Now that all of the models have been generated using the training dataset, all models will generate forecasts and compared to the test dataset. The below code generates these forecasts against the test set.
# Mean Method
energy_mean_forecast = energy_mean_model |> forecast(new_data = energy_test)
# Naive Method
energy_naive_forecast = energy_naive_model |> forecast(new_data = energy_test)
# Seasonal Naive Method
energy_snaive_forecast = energy_snaive_model |> forecast(new_data = energy_test)
# Drift Method
energy_drift_forecast = energy_drift_model |> forecast(new_data = energy_test)
# Naive Method Using Seasonally Adjusted Data from Various Methods
stl_energy_mean_forecast = stl_energy_mean_model |> forecast(new_data = energy_test)
stl_energy_naive_forecast = stl_energy_naive_model |> forecast(new_data = energy_test)
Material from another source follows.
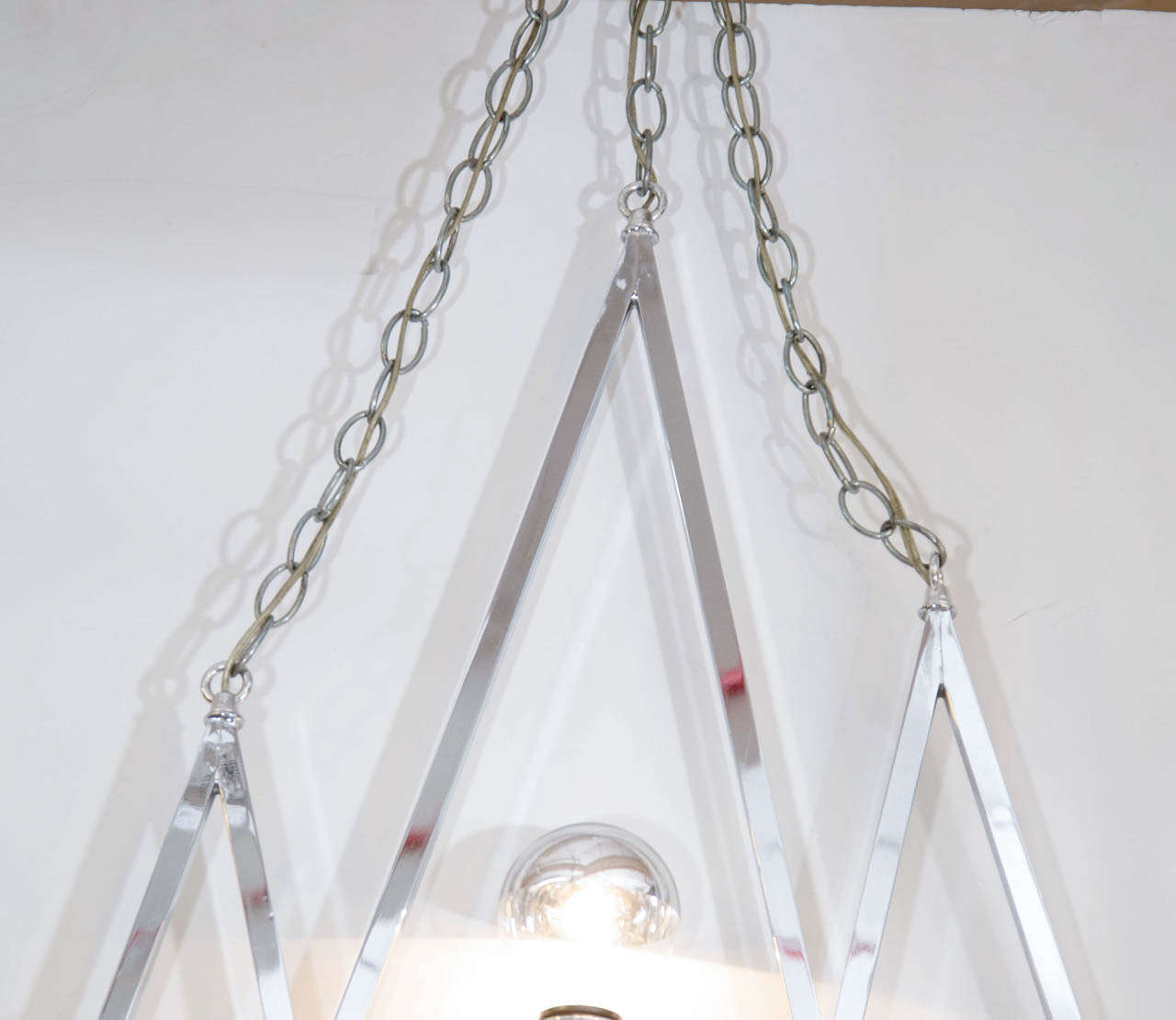 American A Mid Century Chrome Chandelier with Three Hanging Triangles For Sale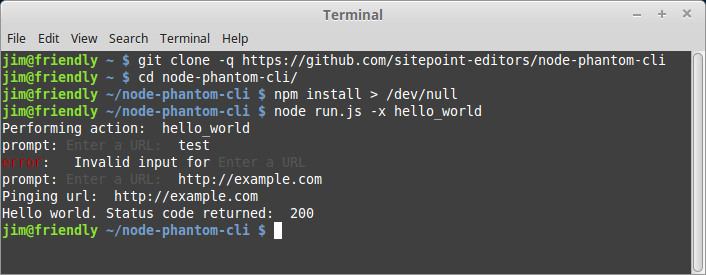 Output of running hello_world command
x11_energy_mean_forecast = x11_energy_mean_model |> forecast(new_data = energy_test)
x11_energy_naive_forecast = x11_energy_naive_model |> forecast(new_data = energy_test)
seats_energy_mean_forecast = seats_energy_mean_model |> forecast(new_data = energy_test)
seats_energy_naive_forecast = seats_energy_naive_model |> forecast(new_data = energy_test)
# ETS Method
ets_energy_forecast = ets_energy_model |> forecast(new_data = energy_test)
# ARIMA Methods
energy_arima_forecasts = energy_arima_models |> forecast(new_data = energy_test)
The code below generates 3 different tables using the forecasts above: performance comparisons based on residuals, performance comparisons based on point forecasts, and performance comparisons based on distributional forecasts.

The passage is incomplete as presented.